I congratulate you on an impressive achievement and I am widely promoting it to many of my previous compatriots who are now widely located
across the world.
David Adams, UK
I have just finished reading your excellent book “Rhodesia – Last Outpost of the British Empire.” I lived through that period in Zambia and Rhodesia but your book filled in a lot of empty gaps for me. I will recommend your book on the various NR sites of which I am a member.
I would like to comment on:
Page 157, line1: (General Paul Von Lettow Vorbeck) formally surrendered himself in Kenya.
My first wife’s father Frank Rumsey owner of Mbesuma Ranch near Chinsali in Northern Rhodesia was a sergeant in the British forces in WWI. He was given the task by Hector Croad the Magistrate of Kasama to take the news of the armistice to General Von Lettow Vorbeck whose troops were in Kasama and down as far as the north side of the Chambeshi River. It was not a nice task because the white flag on Frank’s car meant nothing to the German Askaris who took pot shots at him as he drove past. Luckily he arrived unharmed at the German H/Q and gave the news to Von Spangenburg, Von Lettow’s adjutant. For this exploit Frank was awarded the D. C. M.
Croad as a civilian could not accept the German surrender so Von Lettow had to march his troops back to Abercorn where they surrendered to South African General van Deventer who had by then reached there in his chase through Tanganyika after Von Lettow. The white German officers were allowed to keep their firearms. There may have been a second more formal or show surrender in Kenya but as far as I can make out Abercorn in NR was the point of surrender
For more about Frank go to http://www.nrzam.org.uk/index.html#anchor124846 then go to ‘miscellaneous’ and then ‘people’ to find his obituary.
See also page 65 of ‘Generation of Men’ by W. V. Brelsford.
Doug Grewar, South Africa
I was passing by a bookshop in Oxford Street, London, when I was drawn to a book in the window with a photograph of a mounted British South Africa Policeman in full ceremonial dress illustrating the front cover. It was titled Rhodesia: Last Outpost of the British Empire 1890 - 1980 by Peter Baxter.
I went in, bought a copy and spent the weekend reading it. In the mid-1970s I had almost emigrated to Rhodesia, but marriage to a girl who was reluctant to leave the Uk stymied my plans.

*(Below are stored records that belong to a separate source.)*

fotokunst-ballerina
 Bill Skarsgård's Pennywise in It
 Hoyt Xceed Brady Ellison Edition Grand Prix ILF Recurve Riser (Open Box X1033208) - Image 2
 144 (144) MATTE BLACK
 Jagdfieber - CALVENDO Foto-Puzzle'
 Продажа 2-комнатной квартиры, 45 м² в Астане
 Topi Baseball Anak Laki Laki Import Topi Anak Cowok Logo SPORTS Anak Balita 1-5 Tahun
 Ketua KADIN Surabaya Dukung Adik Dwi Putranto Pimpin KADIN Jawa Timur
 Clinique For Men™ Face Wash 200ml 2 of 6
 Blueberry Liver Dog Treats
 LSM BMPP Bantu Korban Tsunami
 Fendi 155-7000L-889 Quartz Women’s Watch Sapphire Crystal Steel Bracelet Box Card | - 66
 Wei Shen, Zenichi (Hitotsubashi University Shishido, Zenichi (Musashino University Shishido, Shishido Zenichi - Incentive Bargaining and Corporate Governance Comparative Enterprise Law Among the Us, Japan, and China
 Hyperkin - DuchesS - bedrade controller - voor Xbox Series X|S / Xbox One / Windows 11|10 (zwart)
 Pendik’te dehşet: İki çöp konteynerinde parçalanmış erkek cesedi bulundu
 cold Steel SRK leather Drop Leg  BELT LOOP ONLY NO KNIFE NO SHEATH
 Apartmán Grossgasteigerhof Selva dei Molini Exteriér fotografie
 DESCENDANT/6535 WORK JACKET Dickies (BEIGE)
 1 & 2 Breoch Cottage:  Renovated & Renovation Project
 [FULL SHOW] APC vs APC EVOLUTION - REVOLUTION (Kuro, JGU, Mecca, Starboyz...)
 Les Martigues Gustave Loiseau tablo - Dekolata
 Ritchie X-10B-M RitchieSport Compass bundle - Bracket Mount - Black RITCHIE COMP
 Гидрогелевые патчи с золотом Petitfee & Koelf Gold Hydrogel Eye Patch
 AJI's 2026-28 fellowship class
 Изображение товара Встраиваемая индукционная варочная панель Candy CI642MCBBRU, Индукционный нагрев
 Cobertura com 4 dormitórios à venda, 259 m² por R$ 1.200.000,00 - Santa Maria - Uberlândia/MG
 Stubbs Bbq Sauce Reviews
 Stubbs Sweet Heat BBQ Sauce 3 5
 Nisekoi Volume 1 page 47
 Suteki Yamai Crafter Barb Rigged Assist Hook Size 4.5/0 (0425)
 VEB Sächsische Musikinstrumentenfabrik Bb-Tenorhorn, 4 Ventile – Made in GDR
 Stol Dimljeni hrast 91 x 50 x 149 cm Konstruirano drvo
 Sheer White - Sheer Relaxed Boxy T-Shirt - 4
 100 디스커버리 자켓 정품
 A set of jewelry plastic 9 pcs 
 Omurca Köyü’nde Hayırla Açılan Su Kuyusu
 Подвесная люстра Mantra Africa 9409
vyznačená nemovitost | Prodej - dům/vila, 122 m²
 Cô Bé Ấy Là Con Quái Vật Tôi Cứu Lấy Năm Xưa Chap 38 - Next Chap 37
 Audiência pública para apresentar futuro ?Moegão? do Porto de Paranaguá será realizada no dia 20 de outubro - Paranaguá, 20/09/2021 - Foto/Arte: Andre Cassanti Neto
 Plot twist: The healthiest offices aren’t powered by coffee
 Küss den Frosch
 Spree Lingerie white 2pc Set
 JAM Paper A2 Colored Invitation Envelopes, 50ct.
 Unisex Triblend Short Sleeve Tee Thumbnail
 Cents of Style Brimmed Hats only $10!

I had nevertheless continued to take an interest in the country which was fighting a war on two fronts against two guerrilla movements, both armed and supported by countries behind the Iron Curtain. Although Rhodesia was continually targeted by Harold Wilson’s Labour government and virtually every left-wing newspaper in Great Britain, there was still lot of sympathy for the Rhodesians amongst the British public. I was dismayed when the Lancaster House talks in London between the government of Ian Smith and guerrilla leaders Joshua Nkomo and Robert Mugabe resulted in an election in early 1980 with highly suspect results. As a result Robert Mugabe became Zimbabwe’s first black prime minister — which was what Rhodesia was renamed.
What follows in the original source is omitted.